Exercise #2 Step 4 (cont.)

Table To Excel

  • Input Table: intersect_sinusoidal.shp (2)
    • The output from Add Geometry Attributes
  • Output Excel File: ...\output\intersect_sinusoidal.xls

This time we go with Excel only.

  • Advantage of Export Feature Attribute to ASCII: choose which fields to keep
  • There are both country codes and names
  • Which one works best with your country data is unknown
  • Better to drop unnecessary variables in Stata

"Model" model for Exercise 2

Look at solutions4exercises\models.tbx\exercise2

5. List in Python

Specify multiple input files in Python

Now export a Python script

Look at the command line for Intersect

						
# Local variables:
borders_tribes_shp = "C:\\Users\\Masayuki Kudamatsu\\Desktop\\Lecture4\\input\\borders_tribes.shp"
gadm36_africa_shp = "C:\\Users\\Masayuki Kudamatsu\\Desktop\\Lecture4\\input\\gadm36_africa.shp"

# Process: Intersect
arcpy.Intersect_analysis("'C:\\Users\\Masayuki Kudamatsu\\Desktop\\Lecture4\\input\\borders_tribes.shp' #;'C:\\Users\\Masayuki Kudamatsu\\Desktop\\Lecture4\\input\\gadm36_africa.shp' #", intersect_shp, "ALL", "", "INPUT")
						
					

For geo-processing tools that take multiple inputs,
Model Builder fails to use local variables for input file names

We ourselves need to use local variables

Specify multiple input files in Python (cont.)

If you write the script as follows:

data1 = "data1.shp"

data2 = "data2.shp"

input_list = [data1, data2]

arcpy.Intersect_analysis(input_list, intersect_shp, "ALL", "", "INPUT")

$\Rightarrow$ Python recognises 1st argument as

["data1.shp","data2.shp"]

Python 101

Data type

In Python, a variable can take several data types

  • number = 4
  • string = "python"
  • list = [4,"python"]
  • dictionary = {"number": 4, "string": "python"} (cf.
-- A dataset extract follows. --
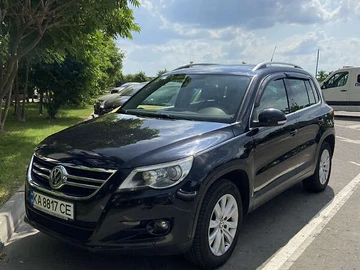 Авто Volkswagen Tiguan 2008 № 7845654
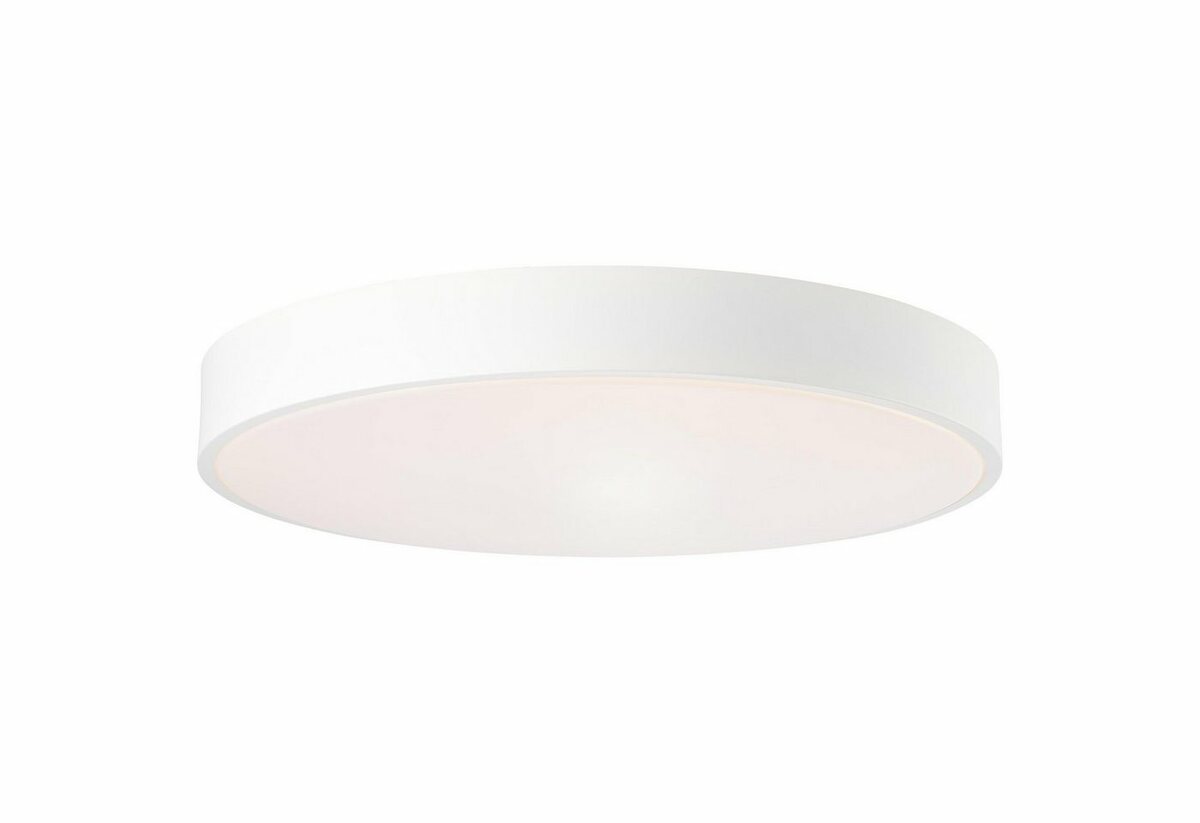 Bild 1 von Brilliant LED Deckenleuchte Slimline, LED fest integriert, Tageslichtweiß, Ø 49 cm, dimmbar, CCT, 6800 lm, Fernbedienung, Metall/Kunststoff, weiß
Lec 8)

See TutorialsPoint for more on data type

Python 101 (cont.)

List

list = [4,"python"]

To define a list, use [ ]

Each item is separated by ,

Items can either be numbers or strings

See TutorialsPoint for more on list

Which geo-processing tools take a list as input?

See ArcGIS Online Help to tell whether list can be used

ArcGIS Online Help for Intersect

ArcGIS Online Help for Near

Exercise #2 (cont.)

Edit the exported Python script

1. Use the template (code/template4L4.py)

2. Replace Intersect's input file names w/ a list

3. Close outputs in ArcMap

4. Run the script

Exercise #2 (cont.)

The Python script relevant for using the Intersect tool should now look like:

						
# Local variables:
borders_tribes_shp = "input\\borders_tribes.shp"
gadm36_africa_shp = "input\\gadm36_africa.shp"
intersect_shp = "temporary\\intersect.shp"

# Process: Intersect
inFeatures = [borders_tribes_shp, gadm36_africa_shp]
arcpy.Intersect_analysis(inFeatures, intersect_shp, "ALL", "", "INPUT")
						
					

Model Python Script for Lecture 4 Exercise 2

Look at solutions4exercises/exercise2.py

What we've learned on ArcGIS

  1. Create polygon centroid point features
  2. Calculate distance to polyline features
  3. Intersect polygons/polylines
  4. Calculate surface area of polygons

Do you remember which geo-processing tools you used for each of these tasks?